E, afinal, o que é que a ciência consegue provar no que toca à dor? Hugo Romão, do Centro Hospitalar de Gaia, ajuda a compilar algumas das conclusões dos estudos efetuados até ao momento. “Sabe-se que há uma certa prevalência da dor crónica nas mulheres, sabe-se que nas idades entre os 40 e 55 anos é quando há maior prevalência de dor, que há um ligeiro predomínio da dor crónica nas pessoas casadas, bem como nos extratos socioeconómicos mais baixos.”
Já em relação à disparidade de dor entre homens e mulheres, há alguns indícios. Por exemplo, um estudo da Universidade McGill, no Canadá, publicado na revista científica “Current Biology”, defende que os homens revelam maior stresse e hipersensibilidade quando confrontados com algum tipo de dor que já experienciaram anteriormente. Segundo um artigo dado à estampa no “Jornal Médico”, a equipa de cientistas canadianos “foi surpreendida” quando detetou que homens e mulheres não se recordam do passado da mesma maneira. “Quando confrontados com a eventualidade de virem a sofrer a mesma dor novamente, os homens sentem-se ‘mais stressados, hipersensíveis, nervosos e relutantes’ do que as mulheres”, pode ler-se na publicação. No entanto, serão precisos estudos mais aprofundados para se chegar a resultados mais concretos e mais conclusivos nesta matéria complexa.
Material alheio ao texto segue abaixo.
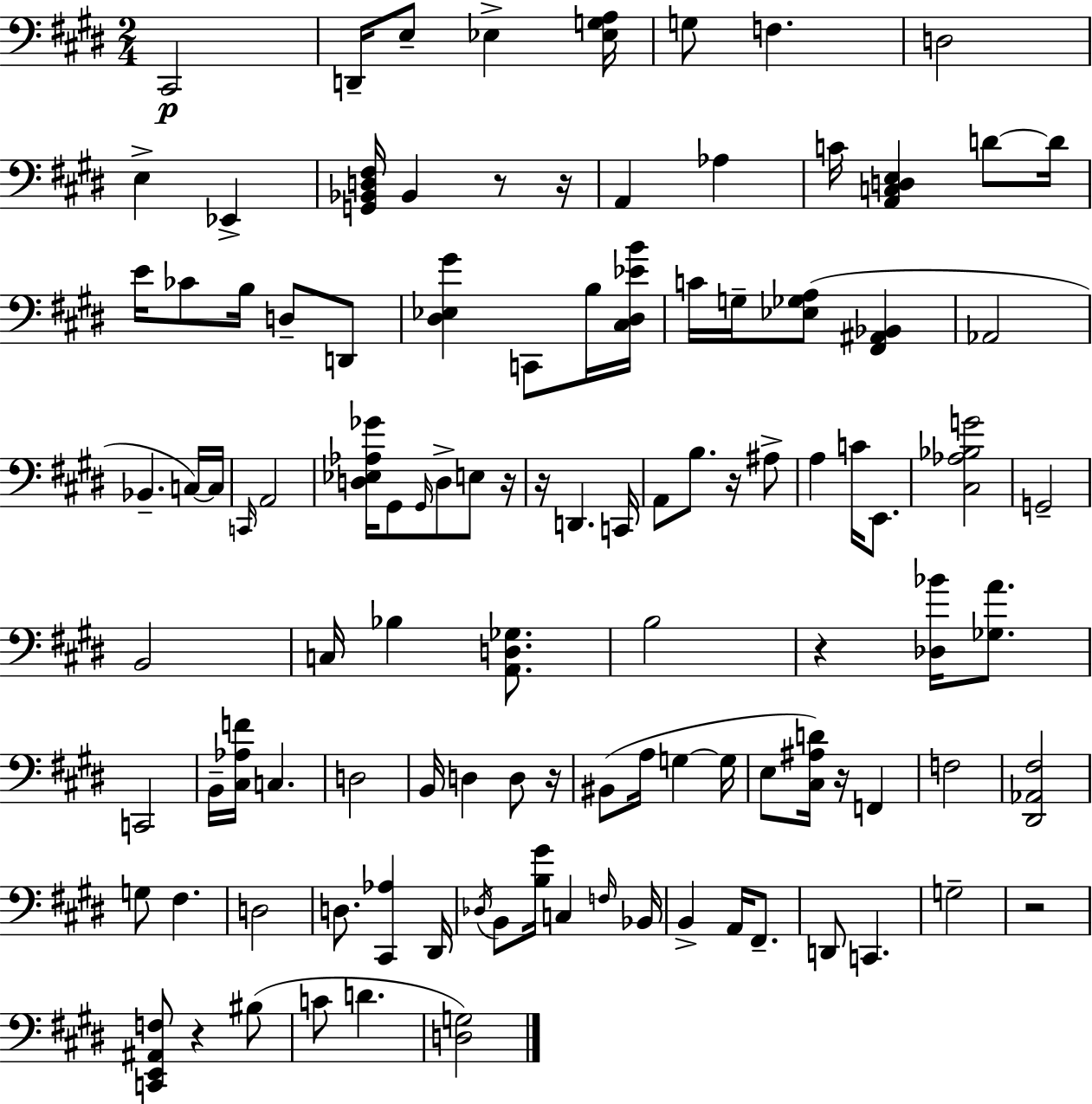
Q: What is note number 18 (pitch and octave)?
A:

“O corpo feminino, ao longo da história, tem sido retratado como um corpo mais frágil e mais exposto”
Alexandra Lopes
Socióloga
Raúl Marques Pereira advoga isso mesmo. “Essa ideia que há de os homens se queixarem mais do que as mulheres não tem uma tradução palpável nos estudos que eu conheço. A mulher acaba por ir aguentando, se calhar acaba por ter mais resiliência. Mas é um assunto que está meio enviesado, muito estereotipado. É verdade que, regra geral, os homens são doentes mais difíceis, mas, por exemplo, será uma coisa da população portuguesa?”, questiona o clínico de medicina geral e familiar.
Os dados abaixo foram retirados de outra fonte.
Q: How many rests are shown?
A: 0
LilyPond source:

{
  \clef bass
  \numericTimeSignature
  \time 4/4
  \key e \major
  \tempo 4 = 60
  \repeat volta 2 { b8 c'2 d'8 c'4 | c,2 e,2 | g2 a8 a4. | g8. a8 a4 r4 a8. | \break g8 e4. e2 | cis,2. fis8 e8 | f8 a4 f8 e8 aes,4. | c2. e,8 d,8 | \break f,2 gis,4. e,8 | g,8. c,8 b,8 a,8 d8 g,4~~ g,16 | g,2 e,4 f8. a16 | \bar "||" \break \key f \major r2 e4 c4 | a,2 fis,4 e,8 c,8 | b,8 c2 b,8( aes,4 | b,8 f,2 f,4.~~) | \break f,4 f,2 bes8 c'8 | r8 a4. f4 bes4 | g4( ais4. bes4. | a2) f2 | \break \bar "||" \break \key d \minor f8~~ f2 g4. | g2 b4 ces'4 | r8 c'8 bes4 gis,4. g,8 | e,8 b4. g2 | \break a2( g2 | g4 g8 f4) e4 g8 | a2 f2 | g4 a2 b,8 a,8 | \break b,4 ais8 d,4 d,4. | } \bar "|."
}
O corpo exposto vs o corpo blindado
A questão remete também para uma “construção social”, como lhe chama a socióloga Alexandra Lopes. “As nossas reações e os nossos sentimentos são socialmente construídos. Aprendemos de pequeninos quais são as formas corretas, adequadas e socialmente esperadas. É aí que entra a questão da construção de género e da relação que têm com a dor”, começa por explicar a especialista na área da Sociologia da Saúde.
Neste campo, a forma como a sociedade se habituou a olhar para os corpos feminino e masculino pode fazer toda a diferença. “O corpo feminino, ao longo da história, tem sido retratado como um corpo mais frágil e mais exposto. Um corpo aberto, que sangra e que se abre para a saída de um outro ser. Experiências que, ao mesmo tempo, tornam o corpo feminino mais resistente e mais tolerante à dor. Até porque a dor faz parte do universo feminino: a dor quando menstrua, a dor quando tem um filho, etc. No caso do homem, há a imagem de um corpo blindado, forte, resistente. A dor não é uma coisa natural”, considera Alexandra Lopes
Estamos, portanto, perante uma construção social que tem influência direta no nosso comportamento. “Como somos socializados nestas construções coletivas, vamos desenvolver reações condizentes com isso”, remata Alexandra Lopes. E o estereótipo segue. De volta a António Lobo Antunes: “Faz-me tisana e pão de ló/Não te levantes que fico só/Aqui sozinho a apodrecer/Ai Lurdes, Lurdes que vou morrer”.